As I write this, we are stuck at yet another mechanic, in another town. Upon leaving Golfito (where we spent the night at our usual transnational motel) to head up the mountain to attend our vehicle inspection appointment, the truck fell apart on us. Even after an early morning ordeal to change the fuel filter, on route the electrics gave out.. no horn, signals or brake lights. Scott fixed all of these things at a local mechanic, but as we were ready to leave, the car wouldn’t start. We are now late for our inspection. And it is the last day of appointments. And we have to pick up the next crew arriving this evening back in Golfito.

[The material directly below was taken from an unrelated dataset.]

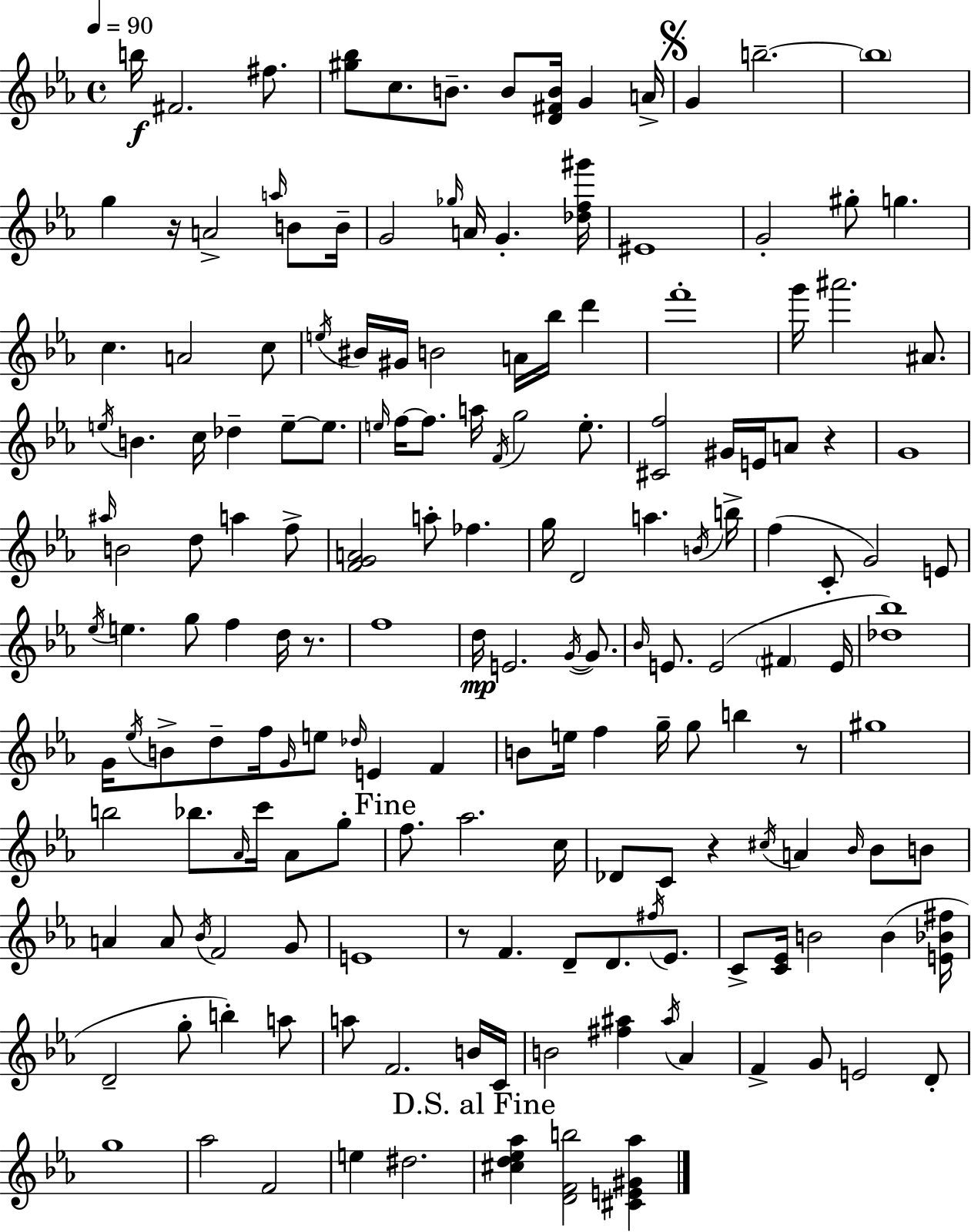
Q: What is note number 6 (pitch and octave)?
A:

All of this to say, there is never a dull moment in Costa Rica. It seems everytime we leave the land we are handed one challenge after the other. Perhaps this is the way life goes in some places. The pace of everything is much less rushed. Where we are used instant and convenient resources to manage through out lives back home, we are forced to surrender to the unknown and the unfamiliar.

The verdict is that the car is broken and has to stay here for five days. We will take a taxi back to the land, as there are no rentals available.

Happy New Year my loves. It’s good to be alive.